The eyes of the world will turn to Hangzhou, Eastern China in September 2022, for it is to be the host city of the 19th Asian Games, second only to the Olympics in terms of its size and global profile.
It is the moment when this rapidly growing capital of Zhejiang province, 180km southwest of Shanghai, will repay the faith placed in it to deliver both a Games to remember and a long-lasting legacy for the city; all part of a wider Chinese government drive to create a sports industry set to be worth some $730 billion by 2025, bolstering both GDP and national pride.
A Transportation Transformation
Construction highlights include an $8.3 billion, 446km-long urban rail transit system, new expressways compatible with 5G technology and driverless vehicles, as well as major expansion of the city’s Xiaoshan international airport, 27km east of downtown Hangzhou.
Such glittering new infrastructure is designed to ensure both visitors and athletes can move seamlessly between the various venues, as well as around the city and beyond, with over ten new metro lines and two intercity links to be constructed in total.
Meanwhile, the city’s rapid transformation continues with construction of a new airport express reaching out to Wushan West Station, a flagship project with major long-term benefits for the 10 million inhabitants that call Hangzhou home.
Steel and Concrete Legacy
As to the facilities for the games itself, the jewel in the crown is the stunning Hangzhou Olympic Centre, an 80,000-seat lotus-shaped stadium currently under construction, which sees 56 entwined steel petals making up its framework. The sheer scale and ambition of this venue makes it the largest stadium being built in China over the next decade, while the complex engineering techniques being applied mean an array of specialised machinery must be brought to bear.

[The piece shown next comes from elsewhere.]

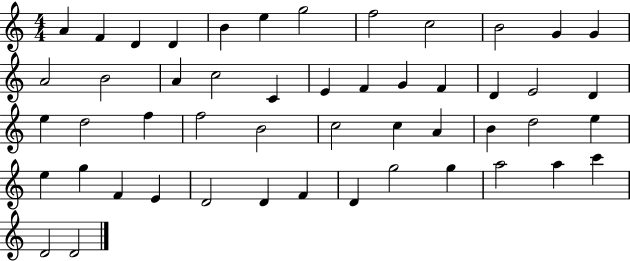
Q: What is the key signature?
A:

Meanwhile, in addition to visually arresting new tennis, aquatic and convention centres being built nearby, the Athlete’s Village, a 3.26 sq km site connected by monorail, subways and cable cars, is taking shape along Hangzhou’s Qian Tang riverfront.
Situated 3km from the main stadium and linked to it by striking water-themed parkland, it is sure to leave a beautiful and lasting legacy of steel and concrete, for it will feature as part of Hangzhou’s expanded Central Business District once the Games conclude. Defined by its mixed-use nature, buildings will be purposed for the full spectrum of commercial, leisure, retail and residential activities and connected by a stunning array of sky bridges.
It is worth stating that these headline projects are just the start of things to come for the city, for its strategically significant location means it is set to further benefit from ongoing One Belt One Road and Yangtze River Delta infrastructure mega projects to the tune of several billion dollars.
Equipment Owners: Kings of Construction
Perhaps the biggest challenge confronting the authorities is in ensuring there is enough material handling and earth moving industrial equipment for the many construction tasks at hand, for while the demand for these machines is huge, supply lags far behind. This means those that own the machinery are able to command the highest rates when renting them out to contractors desperate to get their hands on such kit to win and fulfil the numerous lucrative contracts on offer. Equipment owners also know what a source of national embarrassment it would be should everything fail to be ready in time for the Games, and that they are the key to ensuring all the construction is delivered on time.
So extensive and intense is the building work, it feels like payday every day for these investors, and with China leading a global industrial equipment rental market set to be worth $75.2 billion by 2024, there will be no shortage of work for their machines right across China for many years to come.